Task input:
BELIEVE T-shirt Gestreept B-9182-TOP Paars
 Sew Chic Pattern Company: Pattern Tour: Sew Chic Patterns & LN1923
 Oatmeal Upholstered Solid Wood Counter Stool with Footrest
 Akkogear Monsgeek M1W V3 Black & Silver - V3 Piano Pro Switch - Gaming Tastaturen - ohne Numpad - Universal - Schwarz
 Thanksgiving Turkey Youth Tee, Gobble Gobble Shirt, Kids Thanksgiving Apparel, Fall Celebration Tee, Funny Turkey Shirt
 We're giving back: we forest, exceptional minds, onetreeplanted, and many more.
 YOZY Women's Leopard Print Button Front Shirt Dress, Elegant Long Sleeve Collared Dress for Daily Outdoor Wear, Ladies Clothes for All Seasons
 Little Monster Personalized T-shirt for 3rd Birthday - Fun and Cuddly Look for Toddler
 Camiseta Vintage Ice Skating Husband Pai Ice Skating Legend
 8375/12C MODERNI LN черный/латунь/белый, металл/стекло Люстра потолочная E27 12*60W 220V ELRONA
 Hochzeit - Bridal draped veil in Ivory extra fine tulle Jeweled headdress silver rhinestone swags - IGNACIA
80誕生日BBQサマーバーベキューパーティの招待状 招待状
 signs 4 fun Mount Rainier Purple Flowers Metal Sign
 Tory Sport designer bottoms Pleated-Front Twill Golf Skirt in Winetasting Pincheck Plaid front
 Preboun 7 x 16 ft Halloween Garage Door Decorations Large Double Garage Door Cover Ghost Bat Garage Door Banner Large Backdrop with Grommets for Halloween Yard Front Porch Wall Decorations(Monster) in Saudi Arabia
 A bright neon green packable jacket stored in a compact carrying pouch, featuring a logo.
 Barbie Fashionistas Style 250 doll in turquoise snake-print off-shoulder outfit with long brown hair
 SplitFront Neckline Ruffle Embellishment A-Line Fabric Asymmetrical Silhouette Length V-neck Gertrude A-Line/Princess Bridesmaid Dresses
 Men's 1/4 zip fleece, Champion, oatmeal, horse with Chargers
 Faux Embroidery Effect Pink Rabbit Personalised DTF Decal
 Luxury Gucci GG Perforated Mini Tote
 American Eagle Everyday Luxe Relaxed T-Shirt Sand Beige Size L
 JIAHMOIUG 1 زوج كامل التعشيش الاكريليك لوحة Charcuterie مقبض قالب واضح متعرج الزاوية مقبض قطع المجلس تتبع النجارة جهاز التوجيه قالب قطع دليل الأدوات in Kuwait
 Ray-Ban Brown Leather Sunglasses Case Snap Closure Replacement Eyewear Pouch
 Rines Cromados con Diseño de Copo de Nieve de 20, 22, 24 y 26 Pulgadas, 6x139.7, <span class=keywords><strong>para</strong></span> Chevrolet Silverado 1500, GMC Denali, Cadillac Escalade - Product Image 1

Your goal: Beginning at the line with "Tory Sport designer" and stopping after the line with "A bright neon", please write out every line of the data above exactly and nothing else.

Solution to the exercise:
 Tory Sport designer bottoms Pleated-Front Twill Golf Skirt in Winetasting Pincheck Plaid front
 Preboun 7 x 16 ft Halloween Garage Door Decorations Large Double Garage Door Cover Ghost Bat Garage Door Banner Large Backdrop with Grommets for Halloween Yard Front Porch Wall Decorations(Monster) in Saudi Arabia
 A bright neon green packable jacket stored in a compact carrying pouch, featuring a logo.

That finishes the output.